The tubes are then dragged on water to the direction the guide is rowing and sometimes he lets the water take the tubes downstream.
“We consider safety first and we have heavy duty life jackets for each person who sits on the tube and we have highly qualified guides who have a lot of expertise on water,” Bafirawala.
As Uganda slowly opens up for tourism, I together with a team of Journalists from Kampala decided to take on the tubing experience.
The journey from Kampala City to Jinja is a two hour drive on a good traffic day and from Jinja town, it’s about an 8 km drive along a murram road but generally motorable road to an area called Bujagaali.
During our earlier years, Bujagaali falls itself was famous before a new dam was built near it submerging the falls in the process. No one who visited this place in the early 2000s can easily forget oracle Jajja Bujagaali.
Our hosts had two tubing packages on offer, the first called Flat water tubing at a cost of 90,000 for Ugandans and of $25 for non-nationals and this was what we opted for.
The second package known as white water tubing goes for Shs 130,000 for locals and $45 for non- nationals.
This is longer and scarier for it goes through wild rapids that give you a bumpy sail.
On arrival, a team of professional guides captured our personal details before giving us a safety briefing and equipping us with knowledge on what to expect out there in the river.
We then took a walk through a campsite to the boat that would then take us to our starting point. This was just but the start of our adventure as the scenery we saw during the cruise along the banks was beautiful.
At the starting point, our guides then tied the tubes together in groups with each group tied to a boat in which a guide sat.
Clad in our swimming gear and life jackets, we were helped onto the tubes, a moment we were waiting for.
Sheer fright at the beginning for my team turned into screams of fun as we set off downstream.
We, and the group that trailed us hit the rapids and sailed the calm waters in tandem with screams around us.
For the safety of clients’ gadgets, a professional photographer tubes along with you to cater for your photography needs.
Your phone or personal camera is left safe at the banks.
The journey takes about three hours of floating downstream meeting rapids and calm water in succession.
In the areas with rapids, one is gasping for breath and in screams while in areas of calm water, one is looking at different birds, small aquatic animals and vegetation along the banks or waiting on a second kingfisher bird to return and dive into the water and come out with a fish within a split second just next to your tube.

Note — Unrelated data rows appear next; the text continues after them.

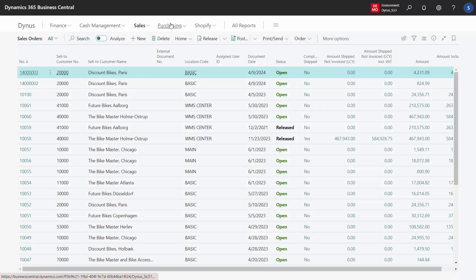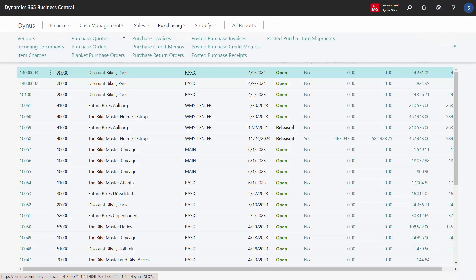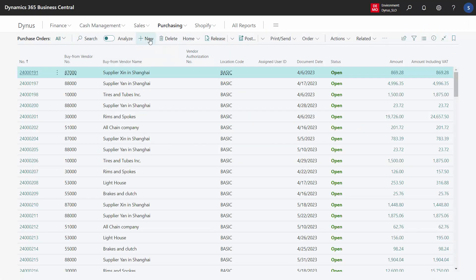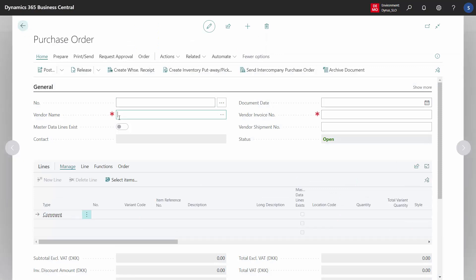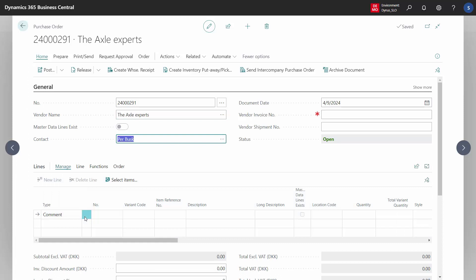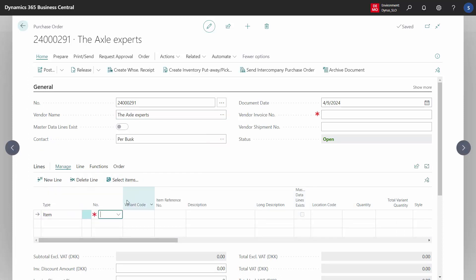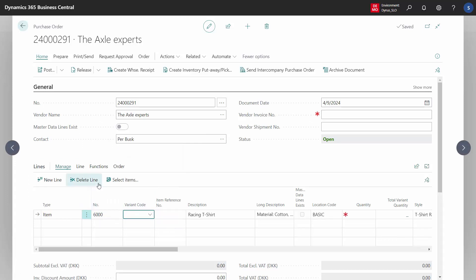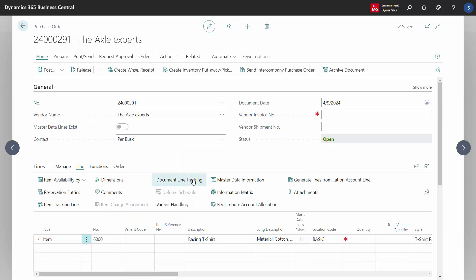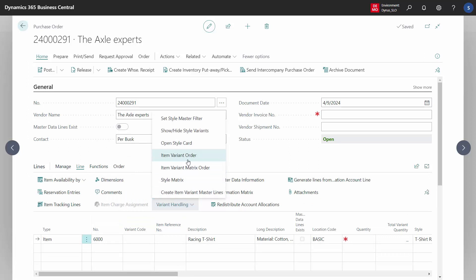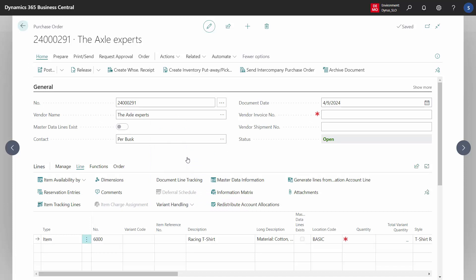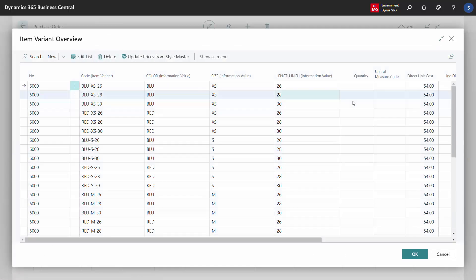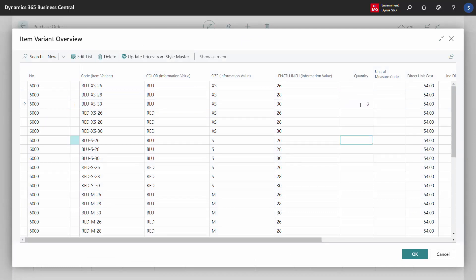On the purchase side it's exactly the same. You create a new purchase order for whatever vendor, find your style, and then instead of the matrix you can enter the item variant order line. You just get the list view, and you can enter the quantity on the different items you want. You can see the specification.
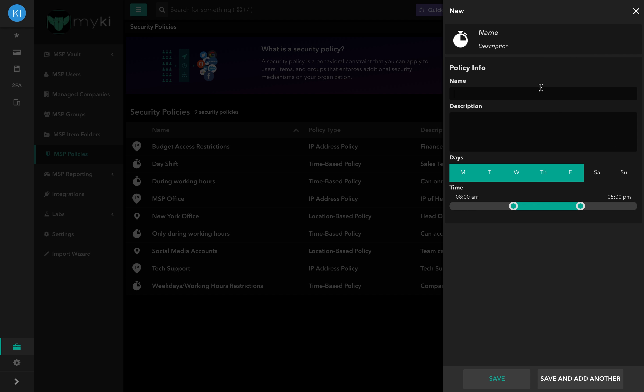A window will pop up to the right of the page. Fill in the required information: the name, the description, and highlight the days you'd like to restrict access to.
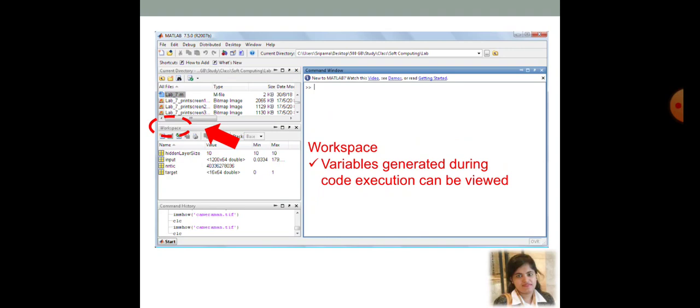This window, this is the workspace. Here, variables are generated during code execution. And that can be seen in this particular workspace. Different variables, what are their type, what is the dimension, what is the maximum and minimum values. In that particular variable,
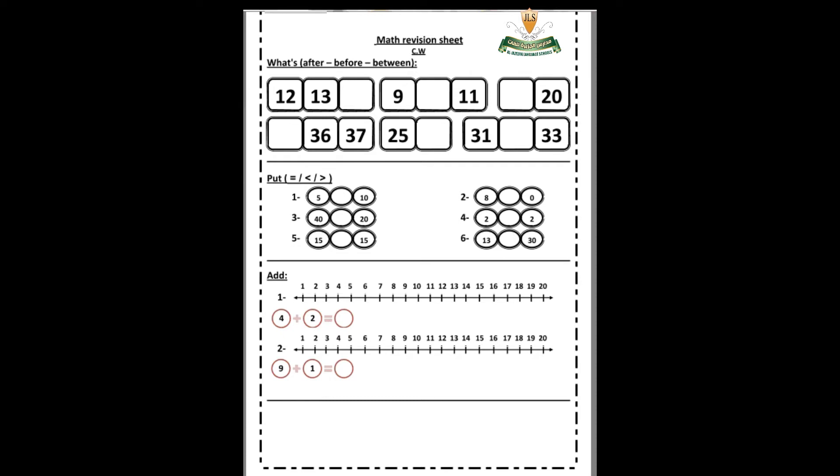Good morning KG, how are you today? Open math revision sheet, page number five, question number one: what comes after, before, between. Number one: what is this number? 12. After 12, what? 13. So what's after 13?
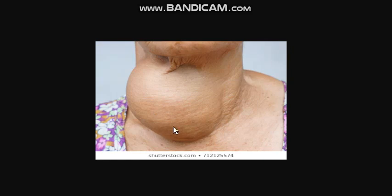You can see the thyroid gland enlarged due to the deficiency of iodine. If we have a deficiency of iodine in our body, the thyroid gland becomes enlarged. This condition is called goiter, and the treatment is that doctors recommend using iodized salt.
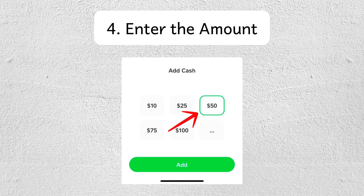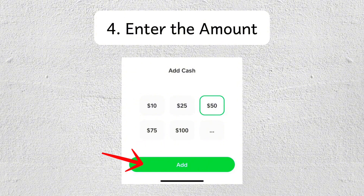Now enter the amount of money that you want to add to your Cash App balance. Once you've typed in the amount, tap Add again. After you tap Add, Cash App will ask you to confirm the transaction using your linked payment method. Just confirm it and the money will be added to your Cash App balance.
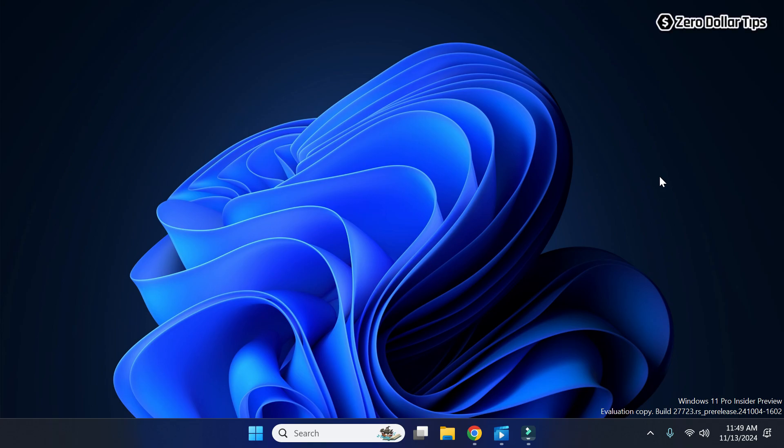Hi guys, if you want to change audio balance on Windows 11, let's see how to do it. First of all, right-click on this speaker icon here on the taskbar.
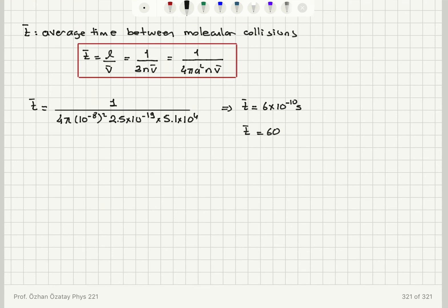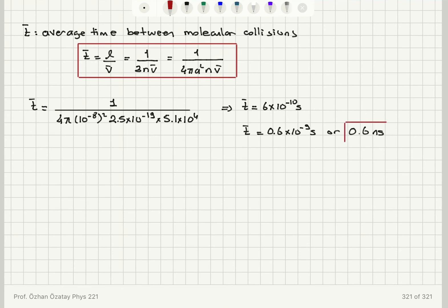This is 0.6 × 10^−9 seconds, or 0.6 nanoseconds. That is our answer for the mean time between collisions.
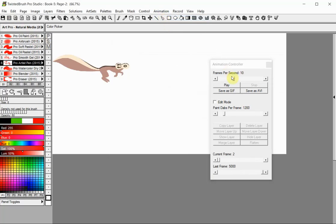The frames per second slider is used both for the play speed and when saving to GIF or AVI. 10 is a good general speed and it is the maximum recommended speed for GIFs.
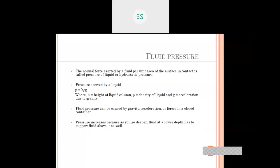The next topic is fluid pressure. Thrust is the upward force and pressure is the downward force. The normal force exerted by the fluid per unit area of the surface of contact is called fluid pressure or hydrostatic pressure. The formula for calculating pressure of a liquid is: p = hρg, where ρ (rho) is the density of the liquid, h is the height of the liquid column, and g is acceleration due to gravity.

For an evening shift on the tube, the sunset with its beautiful reflections on the river will be a memory to stay with forever.
According to Bafirawala, other activities to do here include boat rides, kayaking, slide and quad biking.
The same tubing experience has also been introduced to Lake Bunyonyi, the country’s deepest lake although not yet officially.
“My target is to go everywhere there is a lake or river and it is safe to operate,” he says.